Aim of the exercise: Print exactly the lines from the one containing "Wiederverwendbare Polizeiband mit" through the last line of the entries below; the pictures stay out of the copy.

##########

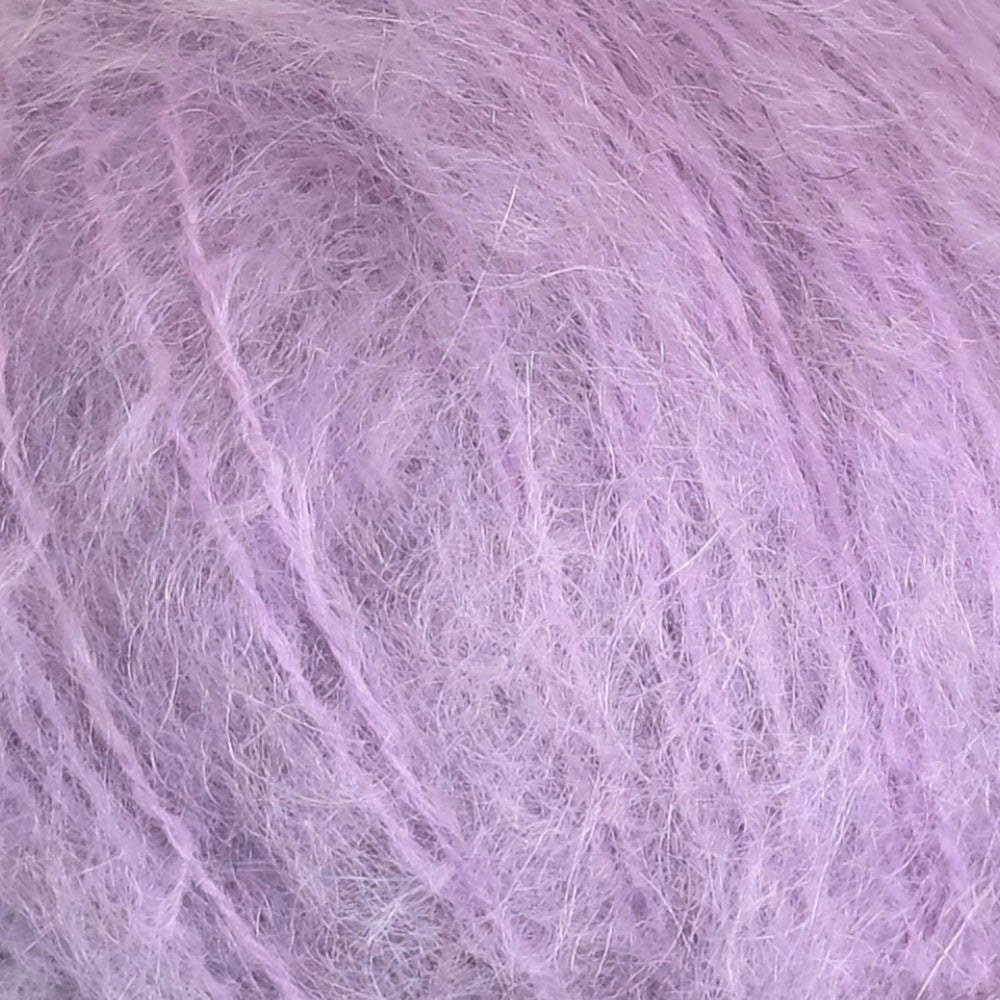 Wool Mohair - Powder - 6039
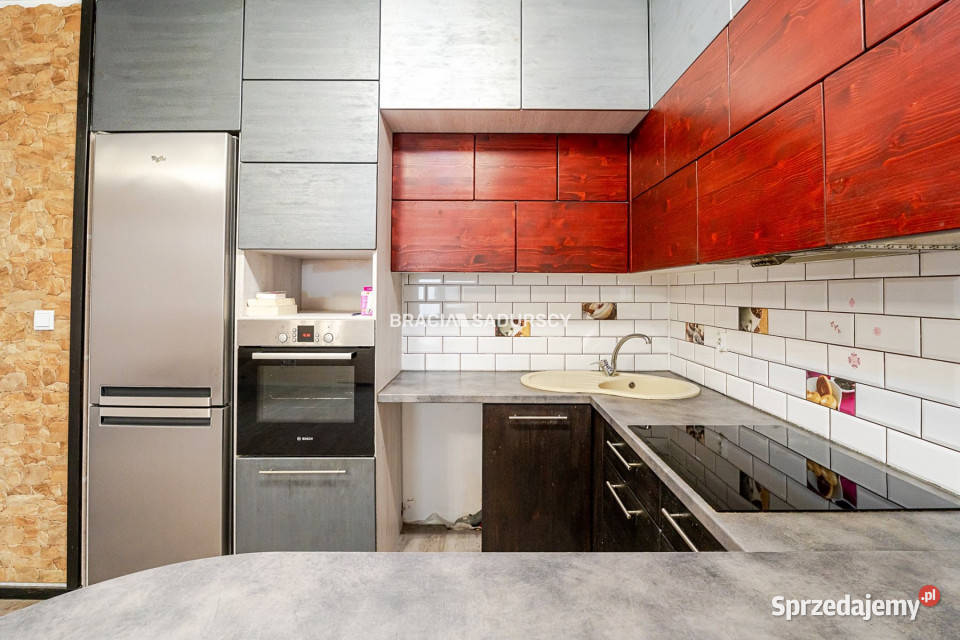 Do sprzedaży mieszkanie 6106m2 3 pokojowe Kraków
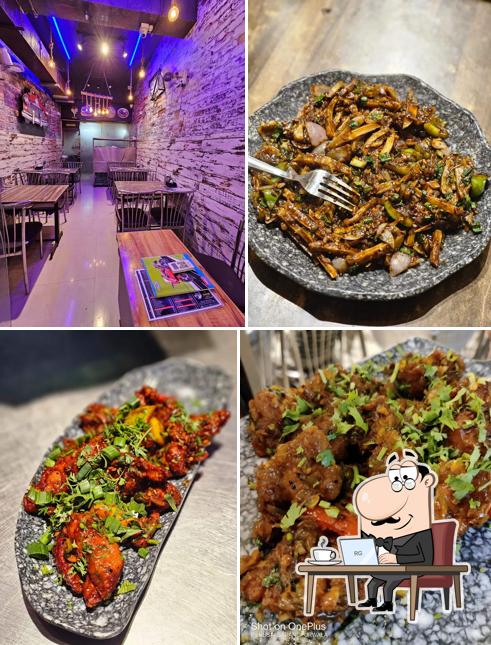 Check out how Taskuin chinese corner looks inside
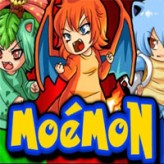 Pokemon Moemon FireRed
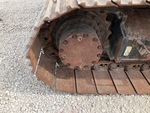 Drivetrain with Right Final Drive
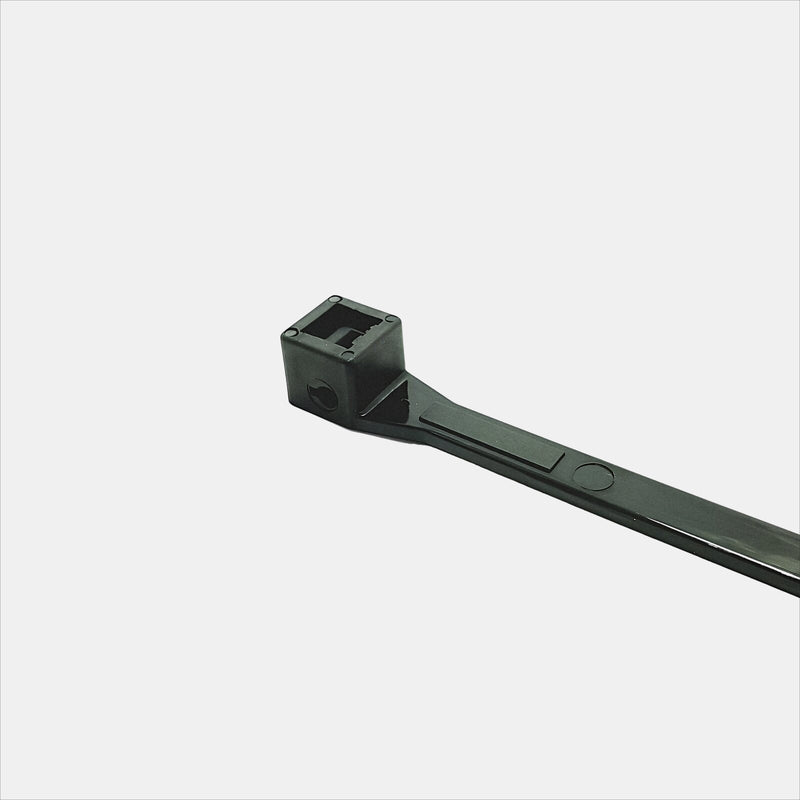 Wiederverwendbare Polizeiband mit Schlüssel - TCH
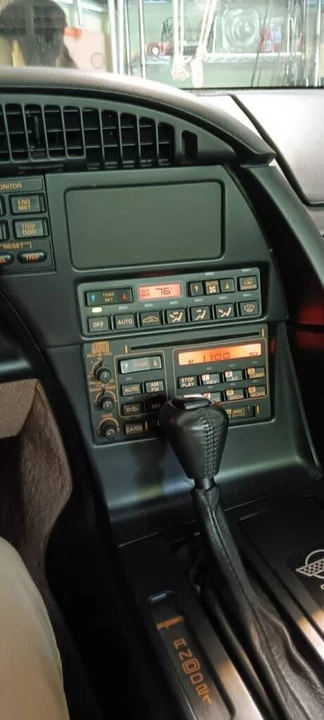1993 Chevrolet Corvette C4 - Image 4 of 14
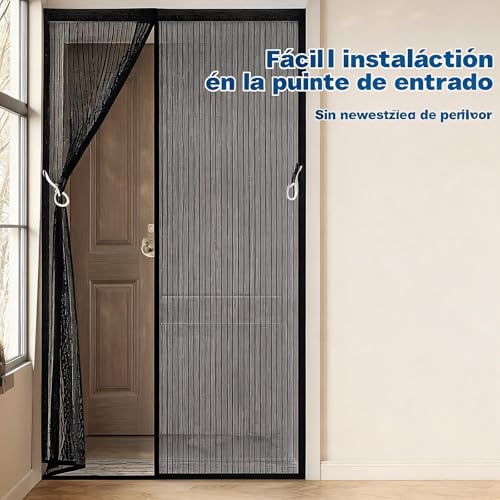 Malla para puerta mosquitera 18 Imagen adicional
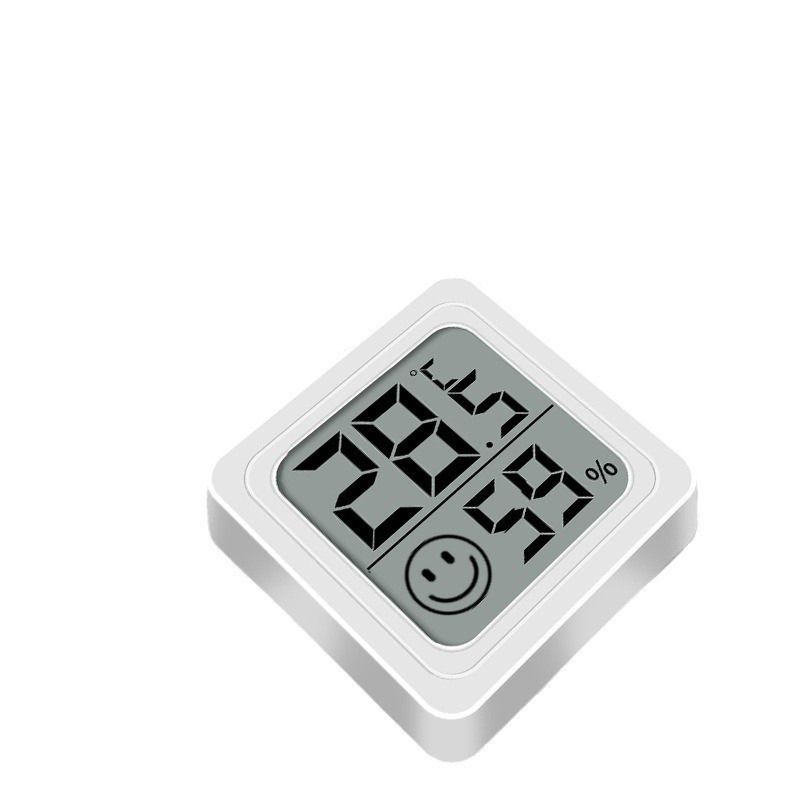 Termometer higrometer Digital, - Weather Station Indoor ulasan dan harga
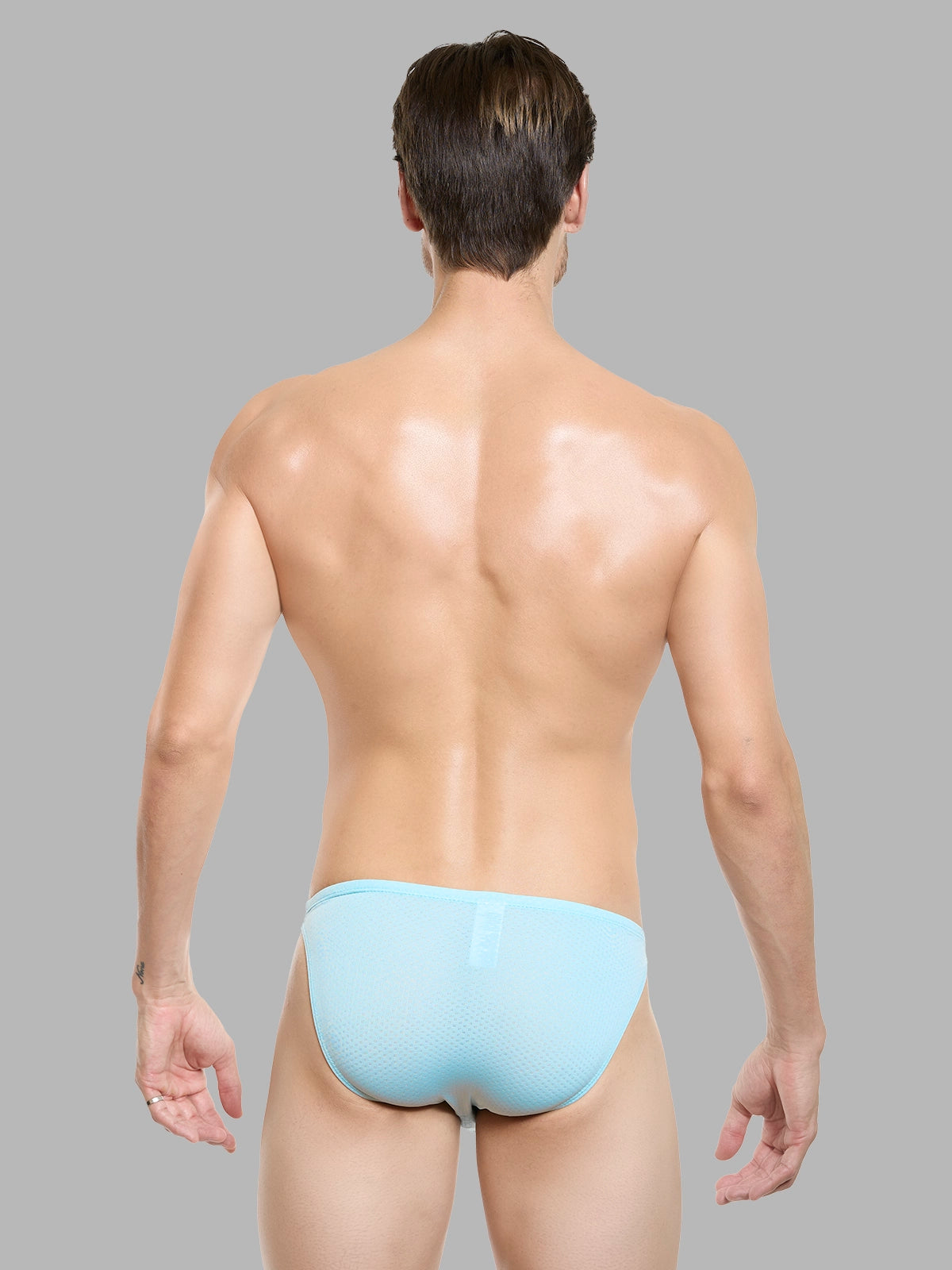 Trusa Costa Azul Cielo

##########

Written answer:
 Wiederverwendbare Polizeiband mit Schlüssel - TCH
1993 Chevrolet Corvette C4 - Image 4 of 14
 Malla para puerta mosquitera 18 Imagen adicional
 Termometer higrometer Digital, - Weather Station Indoor ulasan dan harga
 Trusa Costa Azul Cielo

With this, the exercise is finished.